Decisões da Justiça apontam fim do cartel dos cegonheiros, diz deputado

Em seu último discurso proferido na tribuna da Câmara dos Deputados em 2017, o deputado federal Pastor Eurico (PHS-PE) afirmou que o sistema responsável pelo monopólio do transporte de veículos novos no Brasil começa a dar sinais de falência. A declaração baseou-se em decisões da Justiça a favor de um grupo de cegonheiros pernambucanos que decidiu enfrentar o cartel formado por empresas e entidades de classe de São Paulo e de Minas Gerais. A maior conquista, porém, ele disse que ocorreu no Supremo Tribunal Federal, onde responde a dois processos por calúnia, impetrados por Vittorio Medioli, dono do grupo Sada e atual prefeito de Betim (MG). Pastor Eurico acusa o político e empresário mineiro de ser o “chefe da máfia” que detém o controle do setor.

No Supremo, a ministra Rosa Weber, relatora dos processos, pediu que a Procuradoria-Geral da República (PGR) fosse ouvida. Pastor considerou positiva a decisão da ministra. Segundo ele, será mais uma oportunidade de a Justiça apurar as irregularidades cometidas pela organização criminosa comandada por Medioli.

Lista de crimes
Na petição encaminhada ao Supremo, o parlamentar pernambucano citou os principais crimes atribuídos ao dirigente máximo da Sada: formação de cartel, formação de quadrilha, crimes de organização ou associação criminosa, falsos documentais e tributários e lavagem de dinheiro.

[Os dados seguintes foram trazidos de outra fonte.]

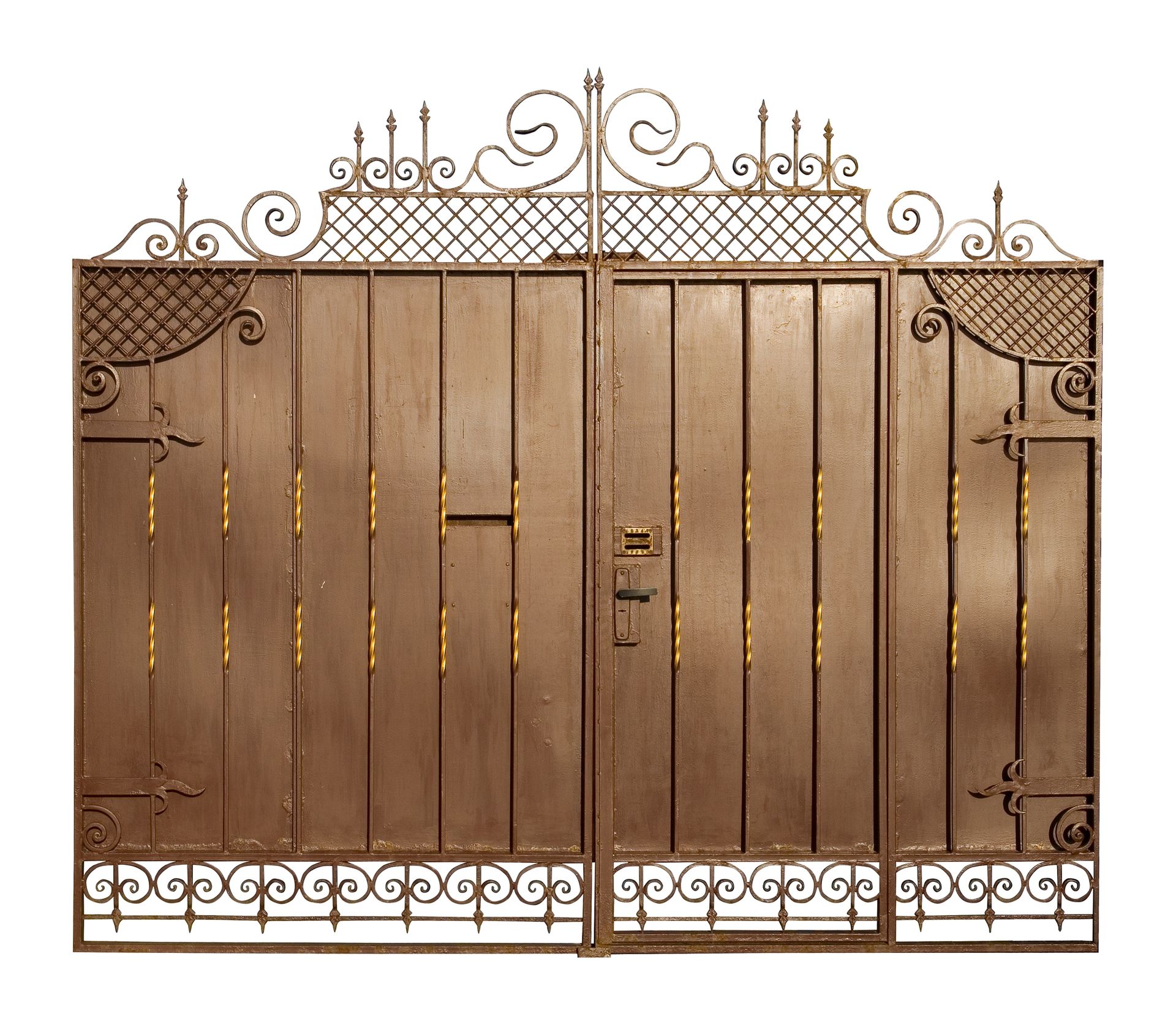 Cancello in ferro battuto color bronzo con dettagli decorati.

“Ao me processar por calúnia, Medioli parece que desconhecia os processos em que ele aparece arrolado. Processos nos quais figura como acusado, sentenciado e condenado a pagar multas altíssimas até por evasão de divisas. Ele (Medioli) também está arrolado entre os cabeças do movimento cartelista do transporte veículos novos no País.”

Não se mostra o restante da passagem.